> _REQUIRED ACTION_:
If pictures appear among the lines below, leave them out while you return exactly the lines from the one with "Button Split Solid" through the one with "2022 Chevrolet Malibu".

> _Data items_:
*** Block opens ***

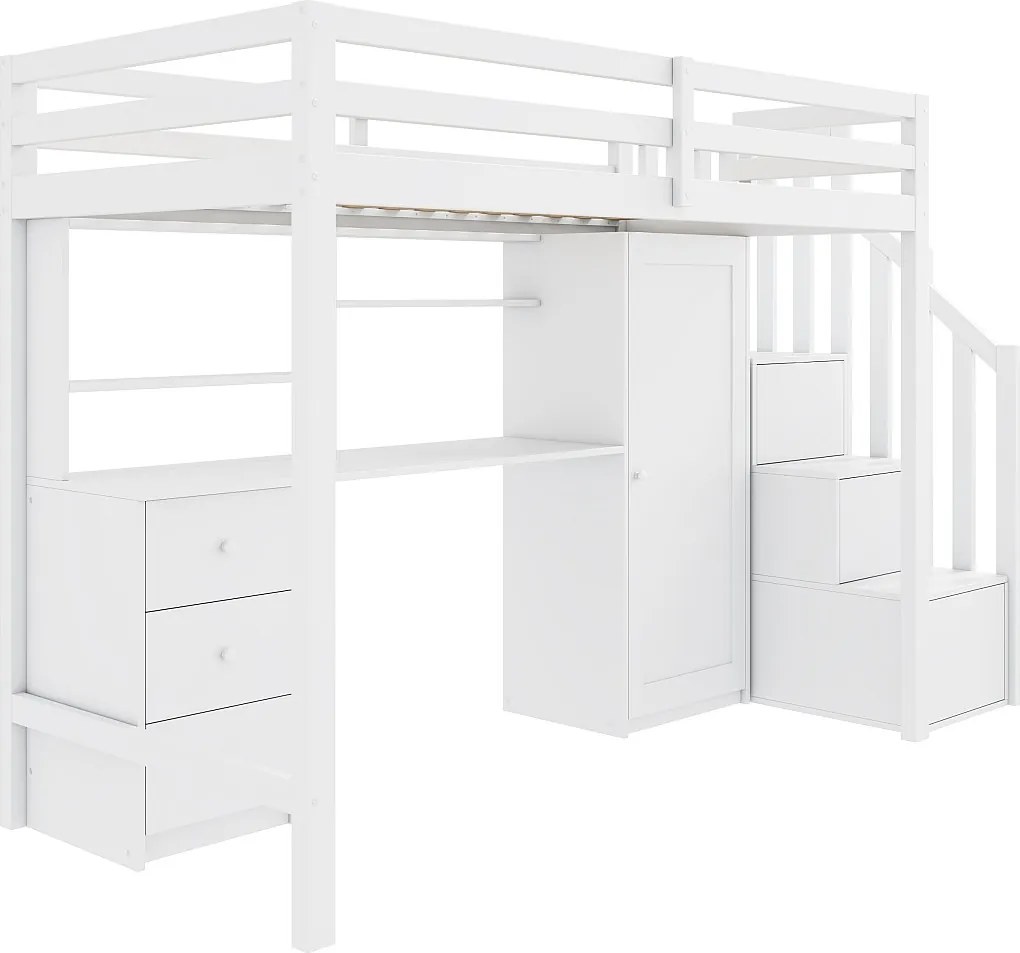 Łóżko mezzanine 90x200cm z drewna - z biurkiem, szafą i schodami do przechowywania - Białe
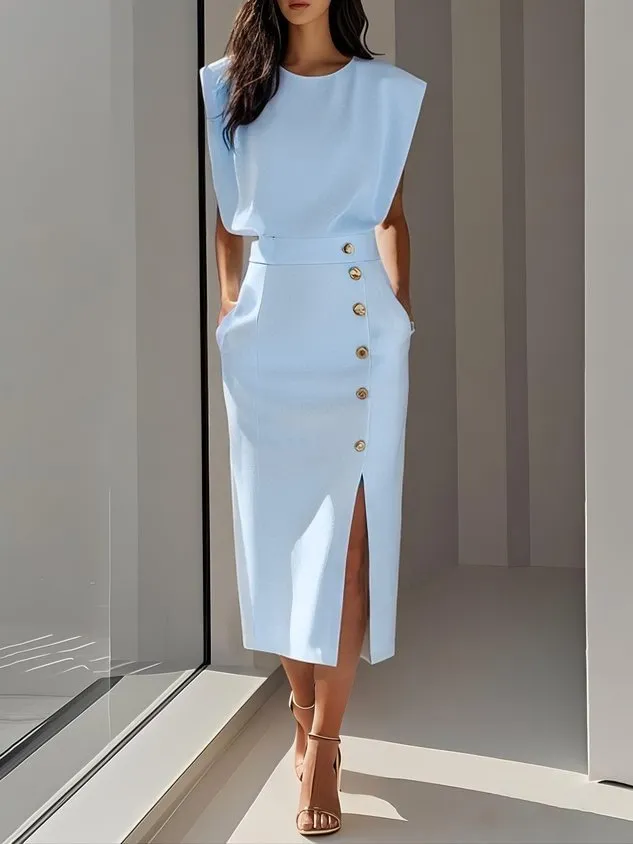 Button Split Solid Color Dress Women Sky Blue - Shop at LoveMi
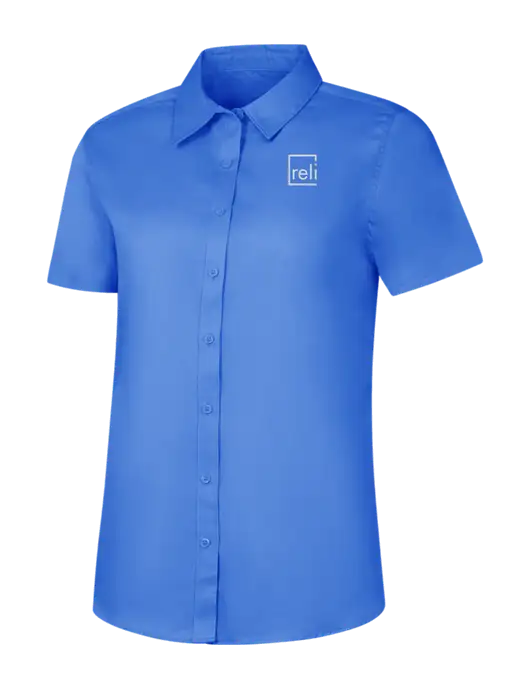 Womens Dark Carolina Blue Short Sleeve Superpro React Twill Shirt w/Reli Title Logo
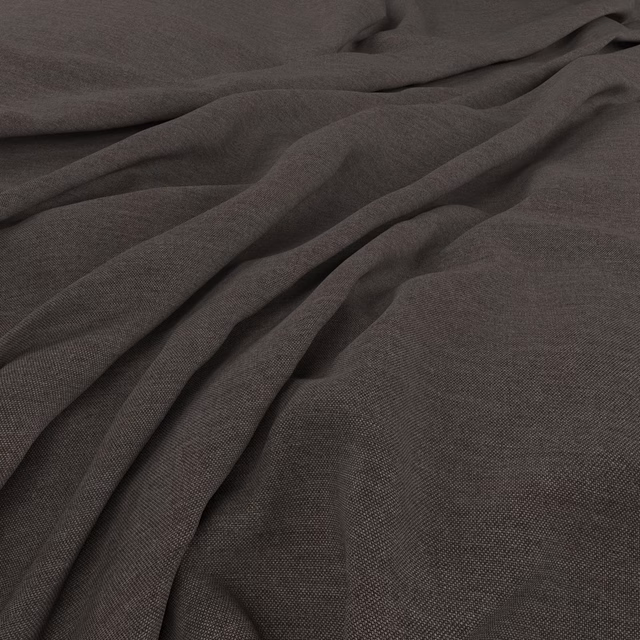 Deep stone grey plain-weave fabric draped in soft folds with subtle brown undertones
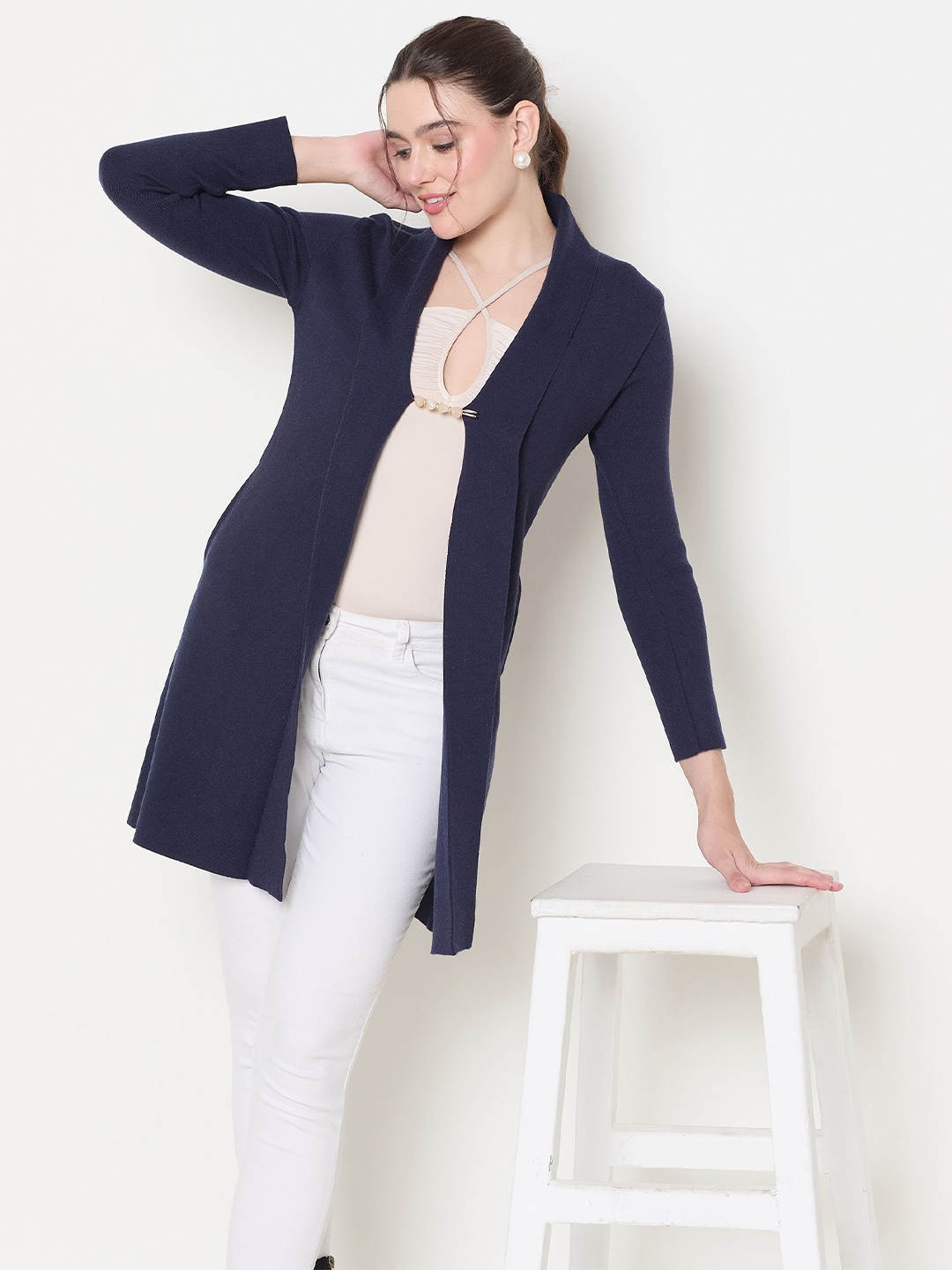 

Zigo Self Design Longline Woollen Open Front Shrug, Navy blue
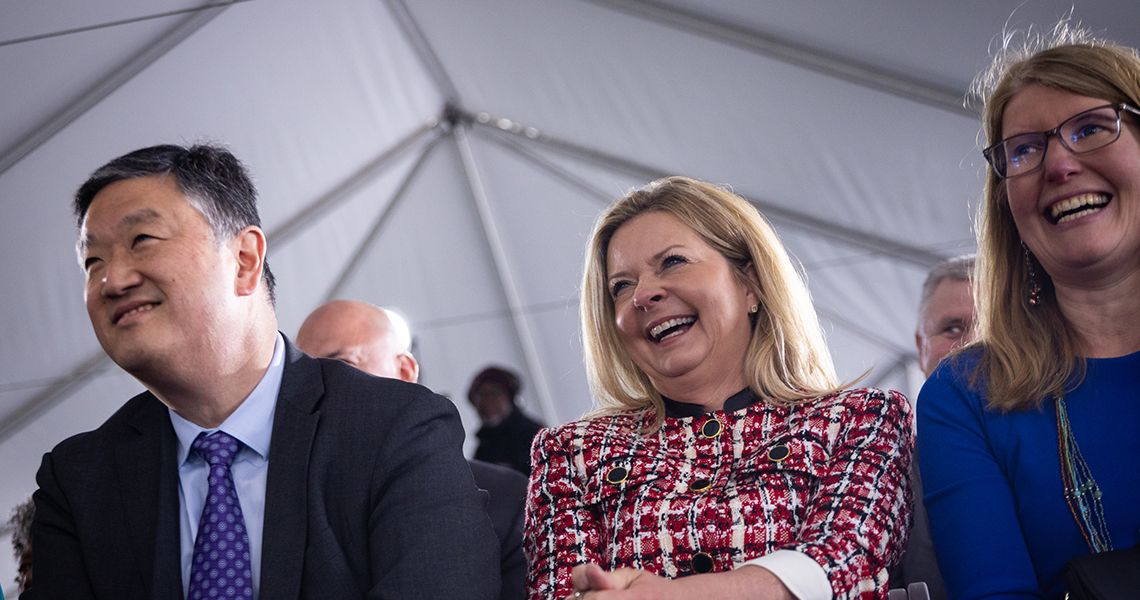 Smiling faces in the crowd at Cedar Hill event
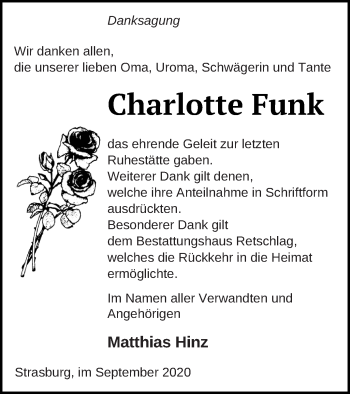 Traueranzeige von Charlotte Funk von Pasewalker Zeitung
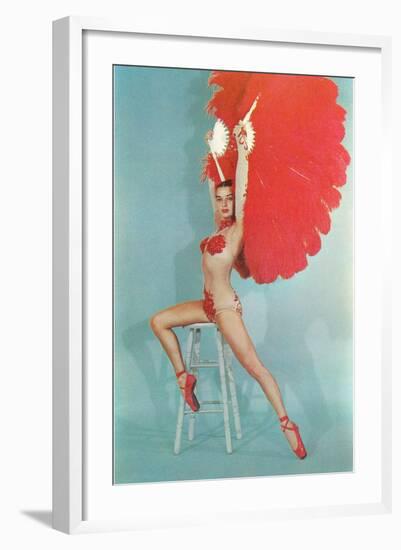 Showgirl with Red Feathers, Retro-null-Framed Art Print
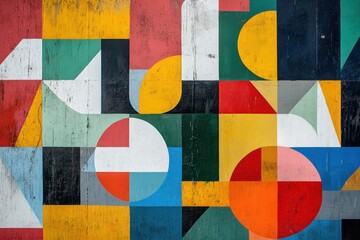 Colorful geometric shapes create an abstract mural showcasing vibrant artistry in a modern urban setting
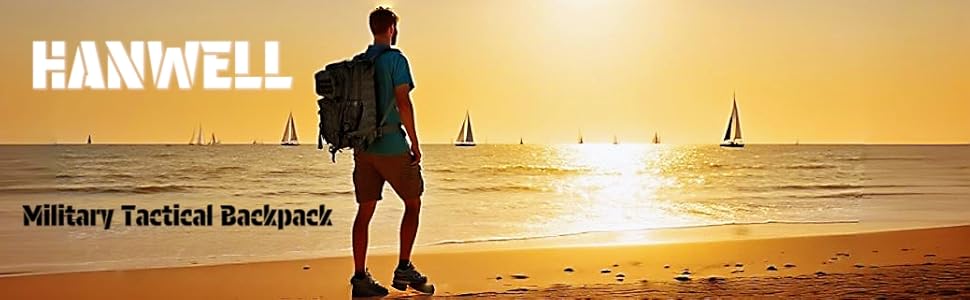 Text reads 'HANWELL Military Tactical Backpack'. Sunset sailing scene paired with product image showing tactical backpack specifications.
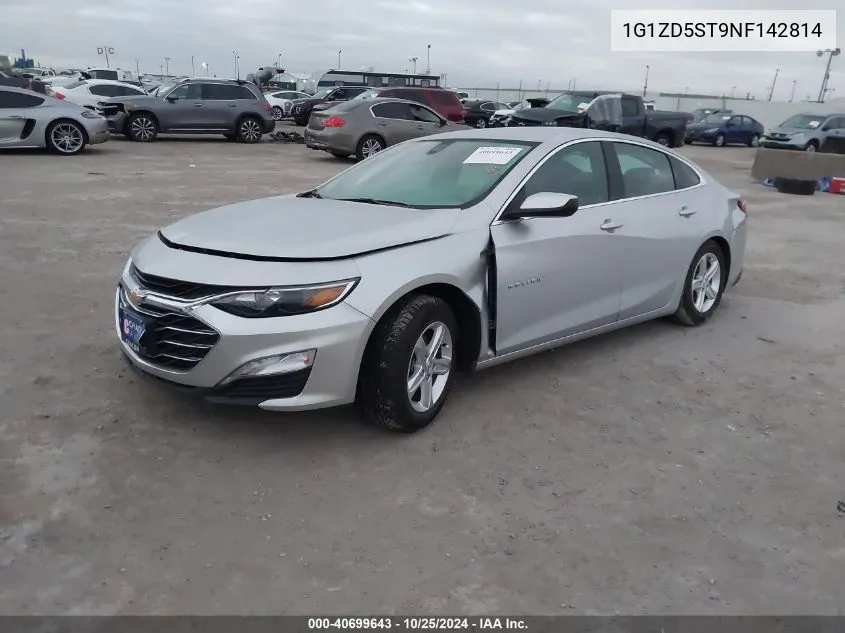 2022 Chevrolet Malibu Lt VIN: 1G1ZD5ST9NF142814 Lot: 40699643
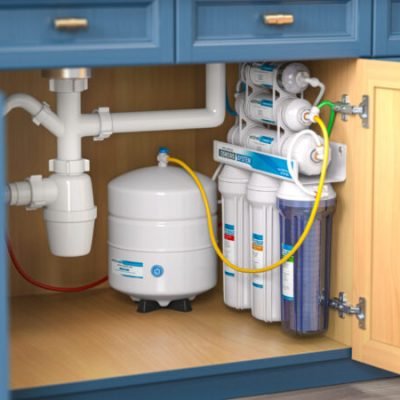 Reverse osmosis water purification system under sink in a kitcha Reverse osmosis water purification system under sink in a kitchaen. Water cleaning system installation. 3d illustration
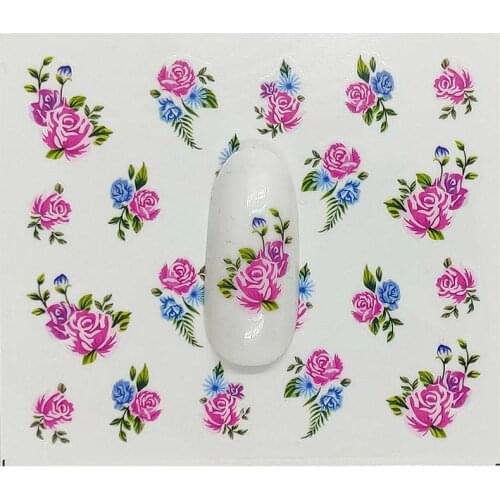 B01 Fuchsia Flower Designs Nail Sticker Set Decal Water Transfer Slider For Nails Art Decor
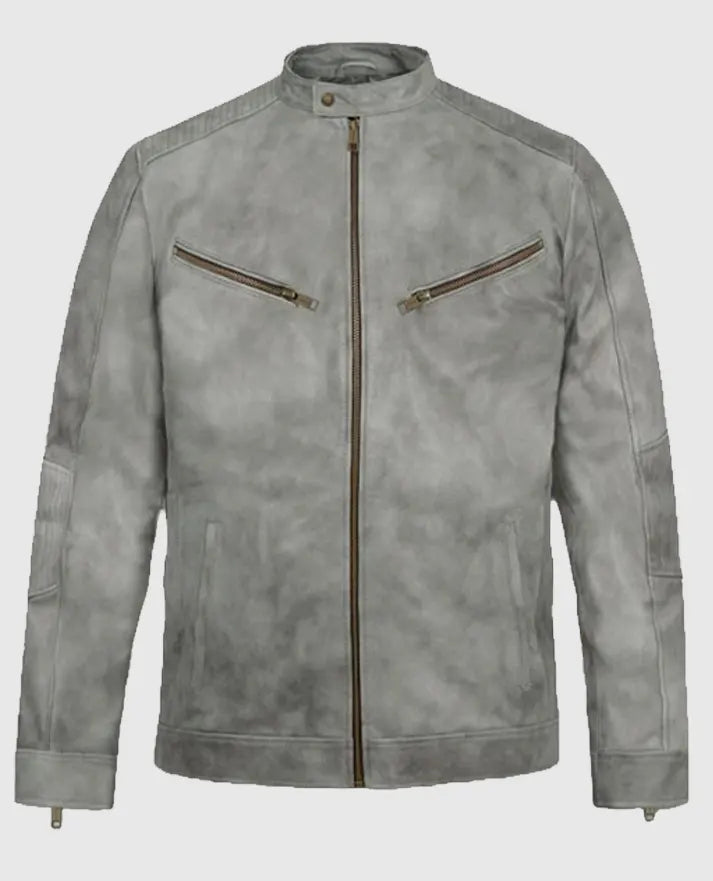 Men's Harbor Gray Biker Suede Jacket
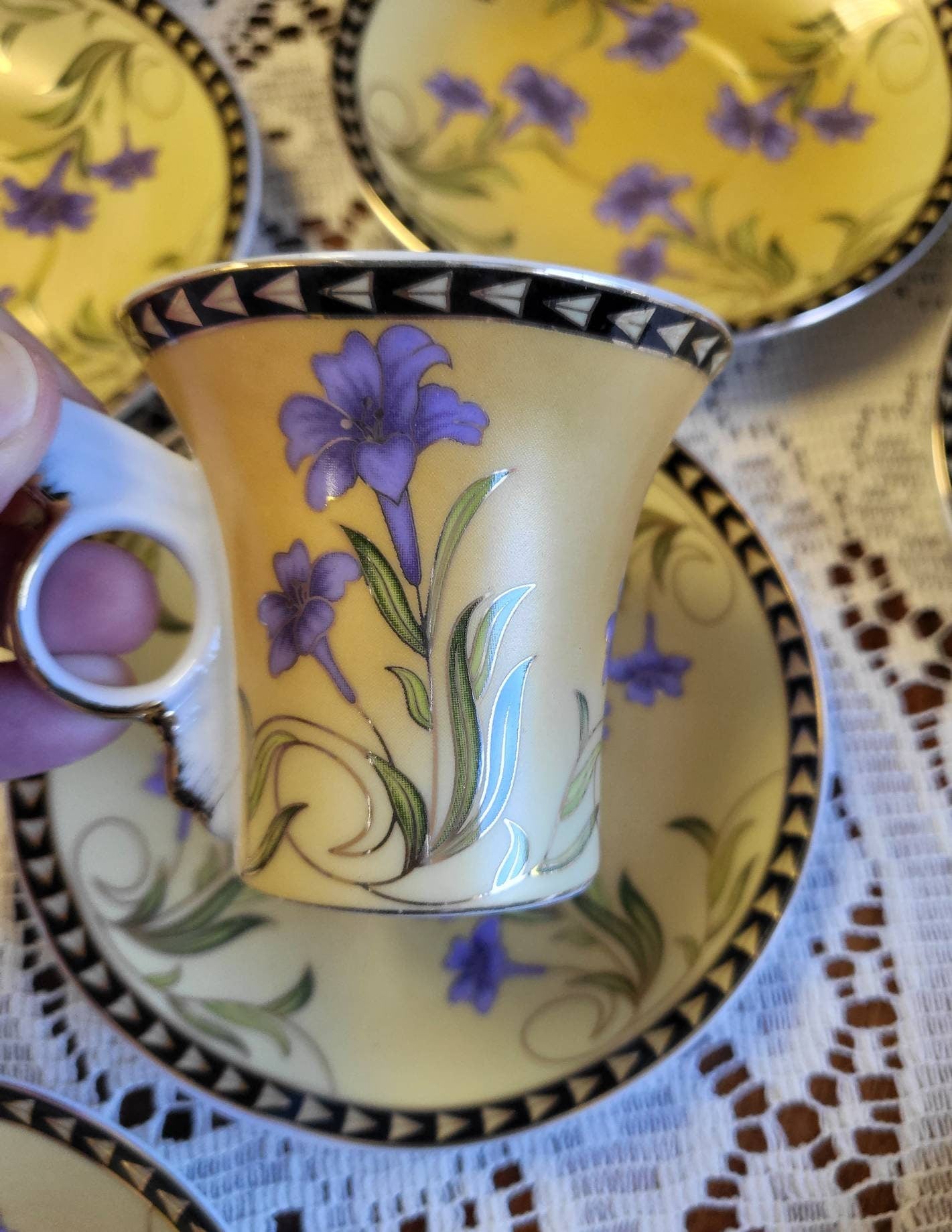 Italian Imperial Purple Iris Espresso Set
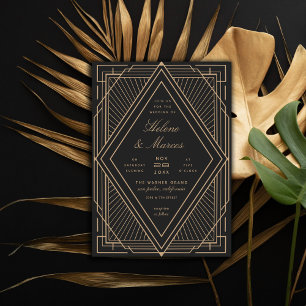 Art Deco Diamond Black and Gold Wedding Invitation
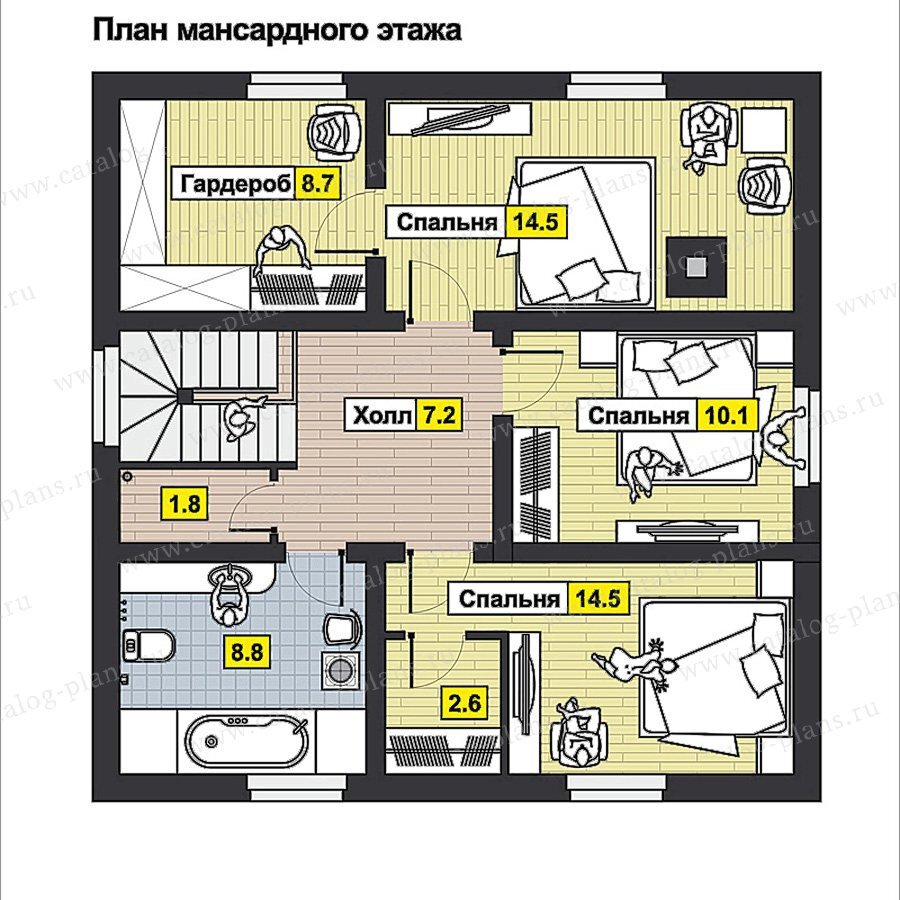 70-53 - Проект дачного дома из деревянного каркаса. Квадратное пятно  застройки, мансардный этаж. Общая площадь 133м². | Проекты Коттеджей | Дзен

*** Block closes ***

> _TASK RESPONSE_:
 Button Split Solid Color Dress Women Sky Blue - Shop at LoveMi
 Womens Dark Carolina Blue Short Sleeve Superpro React Twill Shirt w/Reli Title Logo
 Deep stone grey plain-weave fabric draped in soft folds with subtle brown undertones

Zigo Self Design Longline Woollen Open Front Shrug, Navy blue
 Smiling faces in the crowd at Cedar Hill event
 Traueranzeige von Charlotte Funk von Pasewalker Zeitung
 Showgirl with Red Feathers, Retro-null-Framed Art Print
 Colorful geometric shapes create an abstract mural showcasing vibrant artistry in a modern urban setting
 Text reads 'HANWELL Military Tactical Backpack'. Sunset sailing scene paired with product image showing tactical backpack specifications.
 2022 Chevrolet Malibu Lt VIN: 1G1ZD5ST9NF142814 Lot: 40699643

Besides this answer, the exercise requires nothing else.